=== How to complete this task ===
Copy all lines below exactly as written. Leave pictures out.

** Data for analysis follows **

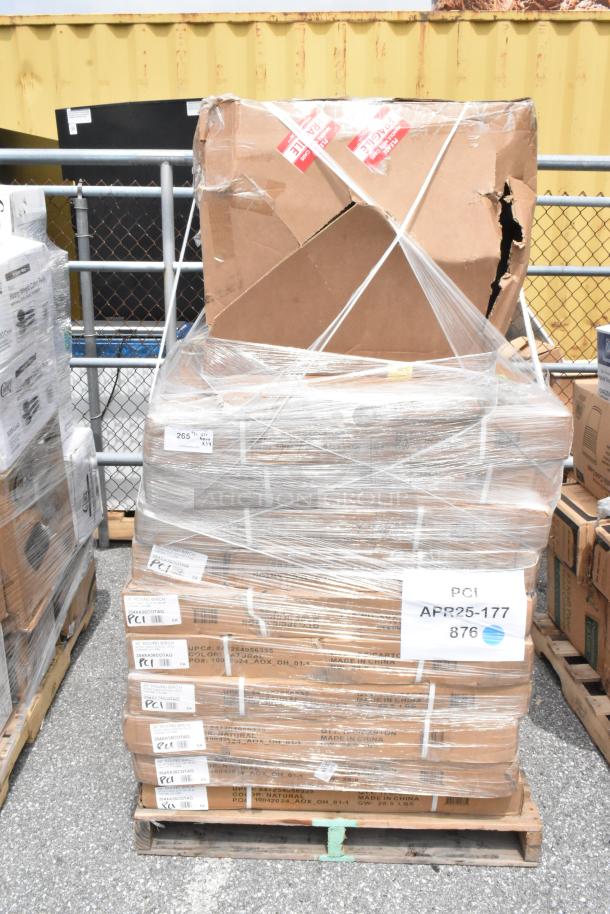 Pallet of boxed items wrapped in plastic, visible damage on a top box. Labels show SKU numbers and "Made in China."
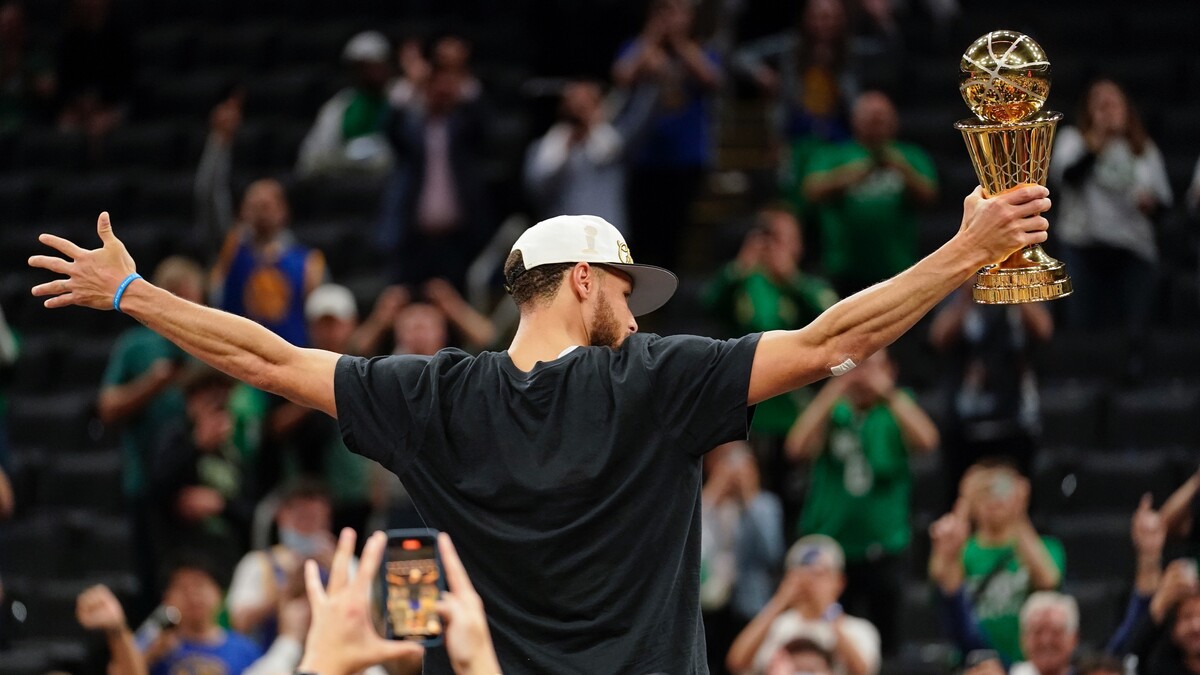 Basketbalista Stephen Curry s cenou pre najužitočnejšieho hráča finále (MVP) oslavuje po výhre nad Bostonom Celtics v šiestom zápase finálovej série NBA. Basketbalisti Golden State Warriors sa stali víťazmi NBA sezóny 2021/2022. (16. júna 2022)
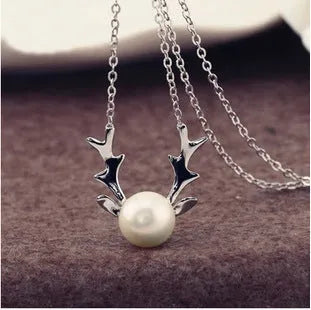 Small elk pearl pendant in copper with gold finish, front view against white background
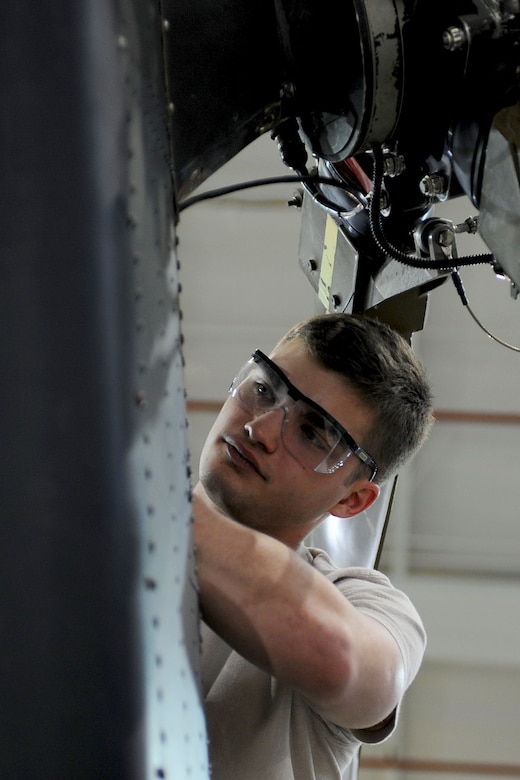 U.S. Air Force Airman Jordan Vignon, 362nd Training Squadron, 1st Detachment technical student, performs maintenance on a UH-60 Pave Hawk tail gear box during training at Fort Eustis, Va., Feb. 28, 2013. Approximately 115 Airmen come through the detachment doors annually to become skilled crew chiefs of the H-60 helicopters. (U.S. Air Force photo by Staff Sgt. Ashley Hawkins/Released)  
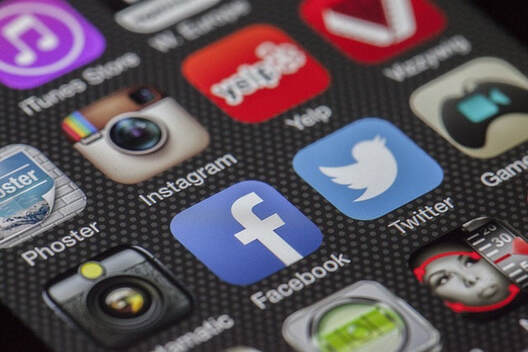 Close-up photo of social media icons on a smartphone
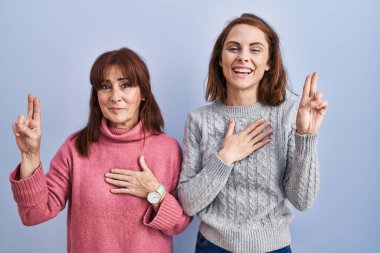 Anne ve kızı mavi arka planda durup gülümsüyor, el ve göğüste yemin ediyor, sadakat yemini ediyorlar. 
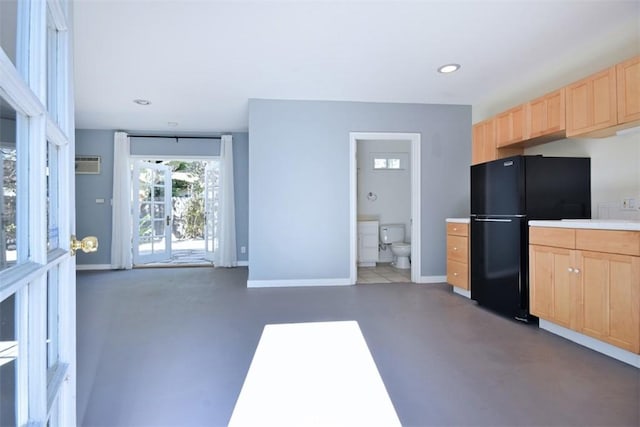 kitchen featuring freestanding refrigerator, baseboards, light brown cabinets, and recessed lighting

** End of Data for analysis **

=== Answer space ===
 Pallet of boxed items wrapped in plastic, visible damage on a top box. Labels show SKU numbers and "Made in China."
 Basketbalista Stephen Curry s cenou pre najužitočnejšieho hráča finále (MVP) oslavuje po výhre nad Bostonom Celtics v šiestom zápase finálovej série NBA. Basketbalisti Golden State Warriors sa stali víťazmi NBA sezóny 2021/2022. (16. júna 2022)
 Small elk pearl pendant in copper with gold finish, front view against white background
 U.S. Air Force Airman Jordan Vignon, 362nd Training Squadron, 1st Detachment technical student, performs maintenance on a UH-60 Pave Hawk tail gear box during training at Fort Eustis, Va., Feb. 28, 2013. Approximately 115 Airmen come through the detachment doors annually to become skilled crew chiefs of the H-60 helicopters. (U.S. Air Force photo by Staff Sgt. Ashley Hawkins/Released)  
 Close-up photo of social media icons on a smartphone
 Anne ve kızı mavi arka planda durup gülümsüyor, el ve göğüste yemin ediyor, sadakat yemini ediyorlar. 
 kitchen featuring freestanding refrigerator, baseboards, light brown cabinets, and recessed lighting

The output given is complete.